2. For each obstacle index `i` that the in-progress run has NOT completed (i.e. `i >= len(current_times)`), the pool of candidate times is `[run[i] for run in obstacle_data if len(run) > i]`.
3. Every combination of one sampled time per remaining obstacle is equally likely. Return the fraction of combinations for which `sum(current_times) + sum(sampled) <= personal_best`.
4. Return a float in `[0.0, 1.0]`.
**Example:** course of 3 obstacles, history `[[3,3,2],[3,3,3]]`, in-progress run `[3,3]`. Personal best = 8. The last obstacle's pool is `{2,3}`, so the completed run is `[3,3,2]` (=8, beats/ties) or `[3,3,3]` (=9, no), each with probability 1/2 -> answer `0.5`.
Constraints
- 1 <= obstacle_count
- 0 <= len(current_times) <= obstacle_count (the in-progress run is a prefix)
- At least one run in obstacle_data is complete (length == obstacle_count), so the personal best is defined.
- Every remaining obstacle index is reached by at least one historical run (otherwise the probability is 0).
- All obstacle times are positive integers.
Examples
Input: ([[3, 3, 2], [3, 3, 3]], [3, 3], 3)
Expected Output: 0.5
Explanation: Personal best among completed runs is 8 ([3,3,2]). The in-progress run [3,3] has obstacle 2 left; its pool is {2,3}. Total is 8 (<=8, counts) or 9 (no), each equally likely -> 0.5.
Input: ([[3, 3, 2, 3], [3, 3, 3, 2], [5, 5, 2]], [3, 3], 4)
Expected Output: 0.8333333333333334
Explanation: Completed runs total 11 and 11, so personal best = 11. Two obstacles remain. Obstacle 2 pool = [2,3,2] (the incomplete run [5,5,2] reached it), obstacle 3 pool = [3,2]. Of the 6 equally-likely (time2,time3) pairs, all give 6 + (time2+time3) <= 11 except (3,3) -> 12; 5/6 = 0.8333.
Input: ([[3, 3, 2], [3, 3, 3]], [3, 3, 2], 3)
Expected Output: 1.0
Explanation: The in-progress run is already complete with total 8, which ties the personal best of 8. No obstacles remain, so the single (empty) combination satisfies <= 8 -> probability 1.0.
Input: ([[10, 1]], [], 2)
Expected Output: 1.0
Explanation: Only one completed run [10,1] (total 11), so personal best = 11. The in-progress run has recorded nothing, so both obstacles are sampled; the only candidates are 10 and 1, giving 11 <= 11 with certainty -> 1.0.
Input: ([[5, 5, 5], [4, 4, 4]], [9], 3)
Expected Output: 0.0
Explanation: Personal best = min(15, 12) = 12. The in-progress run has fixed time 9 with two obstacles left; each remaining pool is {5,4}, so the minimum possible remaining sum is 4+4=8, giving total >= 17 > 12. No combination can tie or beat 12 -> 0.0.
Hints
- The personal best is the minimum total over COMPLETED runs only (length == obstacle_count); incomplete runs never set the personal best, but their recorded obstacle times ARE valid samples for the obstacles they reached.

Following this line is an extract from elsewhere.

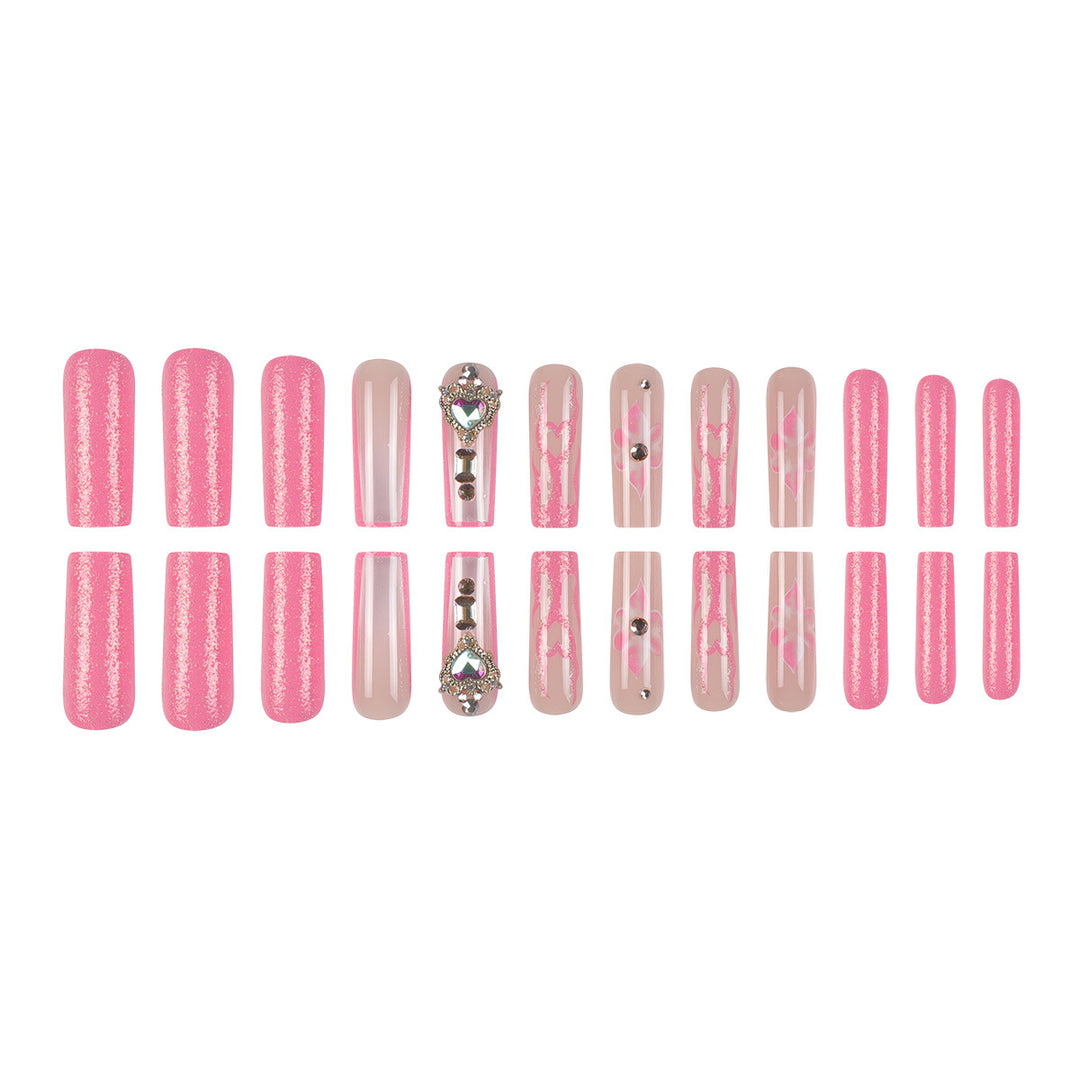 Artistic 3D Floral and Gem-Embellished Press-On Nails Kalsten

- For obstacle index i, the candidate sample times are exactly run[i] for every run whose length is greater than i.
- Instead of 10,000 random trials, compute the exact probability: every combination of one candidate per remaining obstacle is equally likely, so the answer is (# combinations with current_fixed_sum + sampled_sum <= personal_best) / (total # combinations).
- Full enumeration is pool_size ^ remaining_obstacles in the worst case. Use a DP/convolution: keep a map from achievable remaining-sum to how many combinations produce it, and extend it one obstacle at a time.